Good luck and please keep us posted!


----------



## alex67000 (Mar 19, 2017)

diesel said:


> Good luck and please keep us posted!


thanks Diesel  
today new problem the diesel gauge is dancing, she go up and down when i turn, and the heat glow plug light go on 2 second...


----------



## diesel (Jun 8, 2013)

alex67000 said:


> thanks Diesel
> today new problem the diesel gauge is dancing, she go up and down when i turn, and the heat glow plug light go on 2 second...


Definitely sounds like voltages are not in proper range overall. Just as a side note, when my battery was going bad, my transmission did not want to shift out of first gear, so voltage issues can manifest in many ways.


----------



## EricSmit (Dec 21, 2016)

Bienvenue à CruzeTalk! Je recommande vraiment de faire tester votre batterie. Les voitures font des choses bizarres quand la batterie est en train de mourir.


----------



## alex67000 (Mar 19, 2017)

hi, thanks for all youre answer, today i drive my car to a garage i wait what he say, i come back when i have news...


----------



## alex67000 (Mar 19, 2017)

EricSmit said:


> Bienvenue à CruzeTalk! Je recommande vraiment de faire tester votre batterie. Les voitures font des choses bizarres quand la batterie est en train de mourir.

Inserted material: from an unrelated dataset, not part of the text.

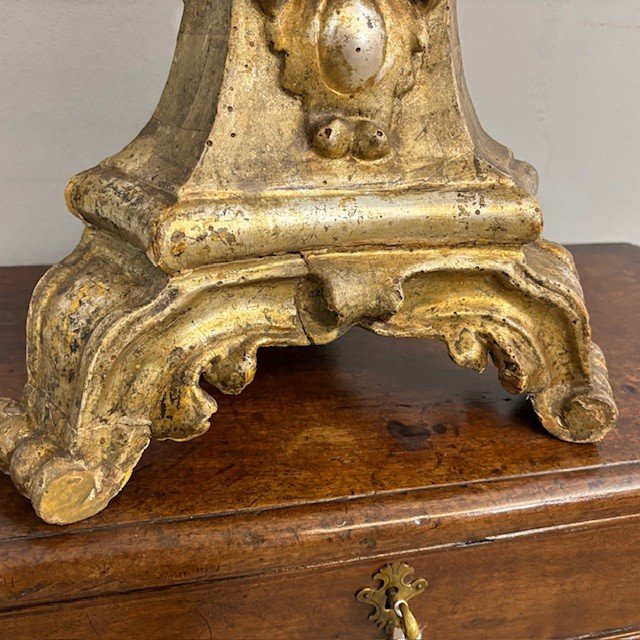 Candélabre ancien - Bougeoir doré d'époque Louis XVI vers 1770. H 104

Merci pour votre réponse, aujourdhui j'ai été chez mon garagiste et je lui ai laissé la voiture donc j'attend son verdict, je reviens dès que j'ai des nouvelles...


----------



## EricSmit (Dec 21, 2016)

alex67000 said:


> Merci pour votre réponse, aujourdhui j'ai été chez mon garagiste et je lui ai laissé la voiture donc j'attend son verdict, je reviens dès que j'ai des nouvelles...

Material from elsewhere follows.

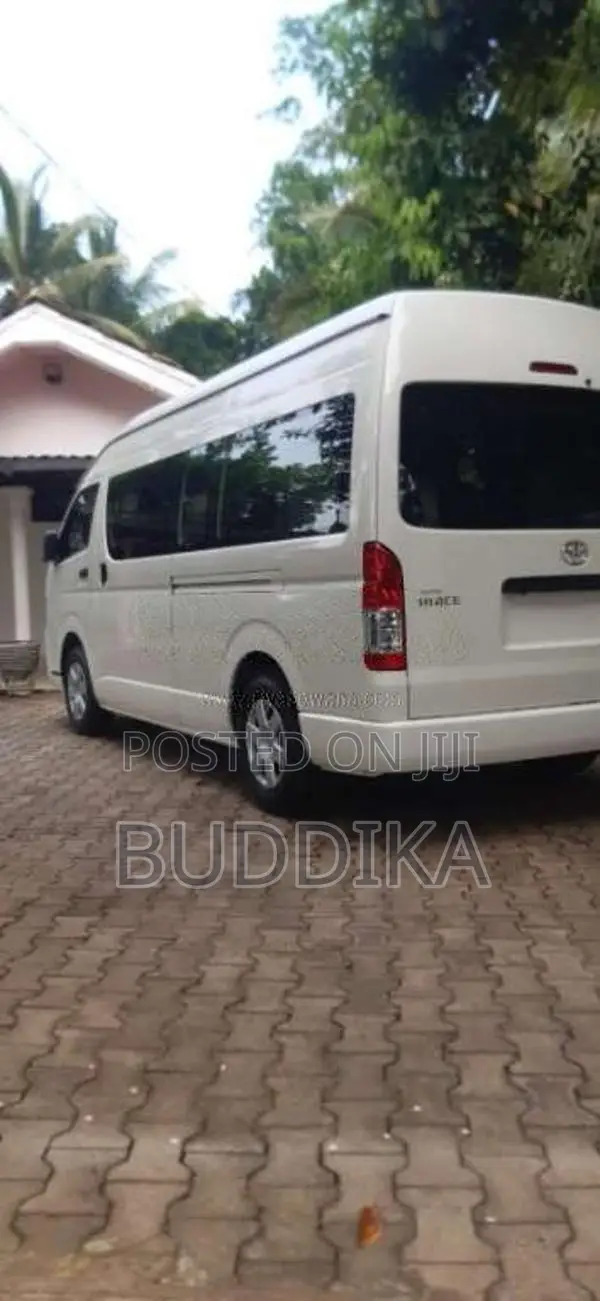 Toyota KDH 2025 Van (Used)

J'espère que c'est quelque chose qui est facile à réparer! tenez-nous au courant.


----------



## Cruzen Vegas (Aug 27, 2015)

Sock LE Blue!!!!!!!!!!!


----------



## alex67000 (Mar 19, 2017)

hi guys, so i recept my car from the dealer, big big surprise for my problem, the dealer change a sensor captor from diesel rail pressure and all is ok the car run fine, i ask to the dealer how just a sensor cam do so much problem??? it is incredible, he say the sensor do short circuit in all the the car, i paid 150$, so thank you for youre help...


Salut aux francophone, bon j'ai recuperé mon vehicule, alors mon garagiste ma changé la sonde de rampe diesel et la voiture marche nickel, alors je lui ai 
demandé comment une sonde peut faire autant de problèmes, il ma dit que la sonde provoquait des erreurs dans,le calculateur, jai payé 150$ pour la reparation, bref tout va,bien je remercie les membres du forum pour leurs aide, merci...


----------



## diesel (Jun 8, 2013)

alex67000 said:


> hi guys, so i recept my car from the dealer, big big surprise for my problem, the dealer change a sensor captor from diesel rail pressure and all is ok the car run fine, i ask to the dealer how just a sensor cam do so much problem??? it is incredible, he say the sensor do short circuit in all the the car, i paid 150$, so thank you for youre help...
> 
> 
> Salut aux francophone, bon j'ai recuperé mon vehicule, alors mon garagiste ma changé la sonde de rampe diesel et la voiture marche nickel, alors je lui ai
> demandé comment une sonde peut faire autant de problèmes, il ma dit que la sonde provoquait des erreurs dans,le calculateur, jai payé 150$ pour la reparation, bref tout va,bien je remercie les membres du forum pour leurs aide, merci...



Thanks for the update! Glad to hear it was relatively minor and all is well.


----------